Kochbücher

Buchregal

Ob und wie man Kochbücher verwendet, sagt wohl genauso viel über eine Küche aus, wie Küchengeräte, Gewürze und der Inhalt des Kühlschranks. Darum wollen wir euch heute einen kleinen Einblick in unsere Sammlung geben.

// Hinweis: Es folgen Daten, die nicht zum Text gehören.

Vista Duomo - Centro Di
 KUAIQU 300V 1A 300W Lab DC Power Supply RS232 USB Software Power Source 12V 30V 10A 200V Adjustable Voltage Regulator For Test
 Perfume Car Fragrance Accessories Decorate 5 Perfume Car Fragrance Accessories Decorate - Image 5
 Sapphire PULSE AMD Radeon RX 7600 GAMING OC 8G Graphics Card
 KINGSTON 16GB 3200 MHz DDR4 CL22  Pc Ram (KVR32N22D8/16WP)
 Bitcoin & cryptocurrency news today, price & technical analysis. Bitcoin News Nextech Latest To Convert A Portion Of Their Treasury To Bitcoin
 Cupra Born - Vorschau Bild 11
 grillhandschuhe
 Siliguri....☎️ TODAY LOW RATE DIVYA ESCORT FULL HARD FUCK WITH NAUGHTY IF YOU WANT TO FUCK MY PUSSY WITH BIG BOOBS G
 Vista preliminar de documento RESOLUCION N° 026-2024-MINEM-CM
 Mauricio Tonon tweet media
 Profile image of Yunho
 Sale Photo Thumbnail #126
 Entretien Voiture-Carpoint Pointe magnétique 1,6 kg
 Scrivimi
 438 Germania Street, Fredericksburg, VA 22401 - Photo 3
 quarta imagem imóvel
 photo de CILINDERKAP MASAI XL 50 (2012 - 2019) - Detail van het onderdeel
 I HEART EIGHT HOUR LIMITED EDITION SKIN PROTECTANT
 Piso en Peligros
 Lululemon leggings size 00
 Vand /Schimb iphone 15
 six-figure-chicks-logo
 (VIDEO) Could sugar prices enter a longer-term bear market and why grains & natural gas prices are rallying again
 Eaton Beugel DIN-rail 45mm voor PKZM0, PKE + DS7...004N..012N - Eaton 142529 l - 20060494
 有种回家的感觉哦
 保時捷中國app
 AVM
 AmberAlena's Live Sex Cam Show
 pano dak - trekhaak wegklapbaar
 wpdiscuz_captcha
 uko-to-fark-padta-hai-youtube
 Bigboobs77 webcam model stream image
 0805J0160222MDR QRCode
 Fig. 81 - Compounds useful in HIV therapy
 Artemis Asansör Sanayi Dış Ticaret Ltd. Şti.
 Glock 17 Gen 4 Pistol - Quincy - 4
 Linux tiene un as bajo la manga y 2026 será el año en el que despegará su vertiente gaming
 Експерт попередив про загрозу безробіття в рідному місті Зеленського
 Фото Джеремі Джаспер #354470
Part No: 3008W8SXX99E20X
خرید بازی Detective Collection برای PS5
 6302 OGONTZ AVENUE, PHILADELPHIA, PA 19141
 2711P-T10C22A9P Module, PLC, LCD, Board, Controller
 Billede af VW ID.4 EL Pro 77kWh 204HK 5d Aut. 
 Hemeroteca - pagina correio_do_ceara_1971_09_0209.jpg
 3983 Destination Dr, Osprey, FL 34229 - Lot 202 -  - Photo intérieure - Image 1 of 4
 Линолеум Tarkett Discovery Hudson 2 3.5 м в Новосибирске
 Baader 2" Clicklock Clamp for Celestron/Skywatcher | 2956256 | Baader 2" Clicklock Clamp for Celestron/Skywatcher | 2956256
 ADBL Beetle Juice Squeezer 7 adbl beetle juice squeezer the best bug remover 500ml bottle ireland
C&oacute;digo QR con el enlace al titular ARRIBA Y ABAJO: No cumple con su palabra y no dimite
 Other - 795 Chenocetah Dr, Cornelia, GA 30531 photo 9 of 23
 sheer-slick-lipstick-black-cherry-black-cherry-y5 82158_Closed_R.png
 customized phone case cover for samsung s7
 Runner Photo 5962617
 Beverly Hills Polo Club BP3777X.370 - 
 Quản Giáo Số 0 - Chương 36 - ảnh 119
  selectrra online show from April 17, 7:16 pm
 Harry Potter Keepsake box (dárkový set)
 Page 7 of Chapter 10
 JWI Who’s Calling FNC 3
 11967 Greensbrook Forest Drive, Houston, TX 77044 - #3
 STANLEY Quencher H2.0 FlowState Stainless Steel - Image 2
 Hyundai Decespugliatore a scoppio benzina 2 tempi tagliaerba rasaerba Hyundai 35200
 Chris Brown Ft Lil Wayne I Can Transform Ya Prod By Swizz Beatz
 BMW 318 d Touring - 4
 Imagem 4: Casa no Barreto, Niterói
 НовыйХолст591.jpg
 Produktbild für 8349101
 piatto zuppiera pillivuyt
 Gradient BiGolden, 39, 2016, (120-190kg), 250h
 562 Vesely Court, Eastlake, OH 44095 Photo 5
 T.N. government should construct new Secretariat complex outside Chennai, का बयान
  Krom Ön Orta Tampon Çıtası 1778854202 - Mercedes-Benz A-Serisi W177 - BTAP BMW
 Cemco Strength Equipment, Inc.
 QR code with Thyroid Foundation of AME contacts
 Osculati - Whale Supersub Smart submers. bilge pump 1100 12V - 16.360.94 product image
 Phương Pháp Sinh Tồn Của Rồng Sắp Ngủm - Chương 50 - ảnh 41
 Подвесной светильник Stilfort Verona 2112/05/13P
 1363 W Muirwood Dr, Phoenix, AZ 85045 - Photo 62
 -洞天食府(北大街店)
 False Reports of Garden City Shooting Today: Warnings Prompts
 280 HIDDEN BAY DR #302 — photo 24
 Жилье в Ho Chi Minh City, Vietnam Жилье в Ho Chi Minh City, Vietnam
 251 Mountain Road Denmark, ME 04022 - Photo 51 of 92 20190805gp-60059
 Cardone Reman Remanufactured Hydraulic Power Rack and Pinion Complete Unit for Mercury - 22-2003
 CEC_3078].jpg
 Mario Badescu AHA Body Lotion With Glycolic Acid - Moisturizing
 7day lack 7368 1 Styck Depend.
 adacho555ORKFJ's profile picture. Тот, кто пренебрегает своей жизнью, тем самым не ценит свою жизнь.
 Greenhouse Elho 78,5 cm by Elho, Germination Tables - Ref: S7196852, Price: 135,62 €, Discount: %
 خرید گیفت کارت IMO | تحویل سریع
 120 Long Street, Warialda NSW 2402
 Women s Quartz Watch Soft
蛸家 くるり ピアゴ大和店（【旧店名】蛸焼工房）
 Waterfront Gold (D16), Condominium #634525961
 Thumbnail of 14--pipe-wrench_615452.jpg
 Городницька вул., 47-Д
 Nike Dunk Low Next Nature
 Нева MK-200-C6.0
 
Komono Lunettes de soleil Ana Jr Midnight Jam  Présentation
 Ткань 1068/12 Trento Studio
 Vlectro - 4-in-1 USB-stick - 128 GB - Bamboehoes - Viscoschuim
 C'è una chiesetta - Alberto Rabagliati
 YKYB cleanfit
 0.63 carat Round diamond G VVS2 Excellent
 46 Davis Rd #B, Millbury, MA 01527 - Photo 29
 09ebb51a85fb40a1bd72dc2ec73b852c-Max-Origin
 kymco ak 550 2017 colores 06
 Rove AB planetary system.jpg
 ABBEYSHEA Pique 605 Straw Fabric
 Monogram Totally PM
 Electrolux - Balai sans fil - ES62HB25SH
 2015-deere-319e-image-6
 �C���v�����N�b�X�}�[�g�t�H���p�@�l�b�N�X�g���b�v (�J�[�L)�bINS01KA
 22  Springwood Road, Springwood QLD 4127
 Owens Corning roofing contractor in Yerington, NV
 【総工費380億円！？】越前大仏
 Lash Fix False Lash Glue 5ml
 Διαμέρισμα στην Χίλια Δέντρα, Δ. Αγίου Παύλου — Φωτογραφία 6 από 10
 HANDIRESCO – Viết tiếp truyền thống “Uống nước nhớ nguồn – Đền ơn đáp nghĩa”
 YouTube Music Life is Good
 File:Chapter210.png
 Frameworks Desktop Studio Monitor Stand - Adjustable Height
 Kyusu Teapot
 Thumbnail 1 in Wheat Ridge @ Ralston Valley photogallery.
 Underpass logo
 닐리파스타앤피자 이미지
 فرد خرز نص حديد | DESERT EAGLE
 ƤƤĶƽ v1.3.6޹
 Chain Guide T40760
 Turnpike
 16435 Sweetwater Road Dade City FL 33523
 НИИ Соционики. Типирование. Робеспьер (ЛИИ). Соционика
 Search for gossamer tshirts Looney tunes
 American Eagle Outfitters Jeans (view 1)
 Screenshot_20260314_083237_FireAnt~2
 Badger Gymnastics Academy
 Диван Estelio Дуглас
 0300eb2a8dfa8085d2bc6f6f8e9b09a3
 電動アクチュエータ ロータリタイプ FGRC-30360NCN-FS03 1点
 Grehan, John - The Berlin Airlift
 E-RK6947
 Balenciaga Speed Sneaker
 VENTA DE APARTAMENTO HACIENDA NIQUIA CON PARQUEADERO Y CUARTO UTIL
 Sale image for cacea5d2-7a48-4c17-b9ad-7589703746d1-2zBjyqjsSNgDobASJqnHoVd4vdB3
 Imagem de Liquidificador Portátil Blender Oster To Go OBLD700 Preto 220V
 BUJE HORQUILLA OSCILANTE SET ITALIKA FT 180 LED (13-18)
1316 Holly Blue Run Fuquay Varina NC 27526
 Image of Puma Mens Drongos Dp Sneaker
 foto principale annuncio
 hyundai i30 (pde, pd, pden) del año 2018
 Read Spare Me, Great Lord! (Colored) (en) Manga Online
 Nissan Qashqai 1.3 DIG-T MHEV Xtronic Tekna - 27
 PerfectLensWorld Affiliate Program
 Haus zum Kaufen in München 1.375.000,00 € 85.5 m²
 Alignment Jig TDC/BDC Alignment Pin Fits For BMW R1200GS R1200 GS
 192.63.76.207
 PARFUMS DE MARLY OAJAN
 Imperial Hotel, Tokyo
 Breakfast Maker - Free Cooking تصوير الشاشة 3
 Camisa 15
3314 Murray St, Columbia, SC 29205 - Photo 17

Man braucht mindestens ein Kochbuch für Grundrezepte, besser jedoch mehrere, so hat man die Möglichkeit aus verschiedenen Varianten zu wählen. Jeder Kochbuchschreiber hat seinen eigenen Stil – der einem vielleicht bei dem einen Gericht mehr zusagt und bei dem anderen weniger. Für die österreichische Küche verwenden wir als Grundlage den „Goldenen Plachutta“ und das „Sacher Kochbuch“ – zwei Klassiker der österreichischen Küche, die auch immer wieder überarbeitet und neu aufgelegt wurden. Die Grundlagen der französischen Küche werden bei uns aus dem wohl bekanntesten Kochbuch der Welt, dem Paul Bocuse-Standardkochbuch, entnommen – daneben besitzen wir auch noch „Aus Frankreichs Küchen“ von Marianne Kaltenbach. Zu diesen Standards gesellte sich in jüngster Zeit noch der „Cucchiaio d’argento“ (Der Silberlöffel), das italienische Standardkochbuch.

Neben diesen Standards gibt etliche weitere Arten von Kochbüchern, die bei uns vertreten sind: Solche, die Einblick in verschiedene Küchentraditionen bieten und gleichzeitig Neues und Experimentelles wagen: In diesem Segment sind wir große Fans von Yotam Ottolenghi.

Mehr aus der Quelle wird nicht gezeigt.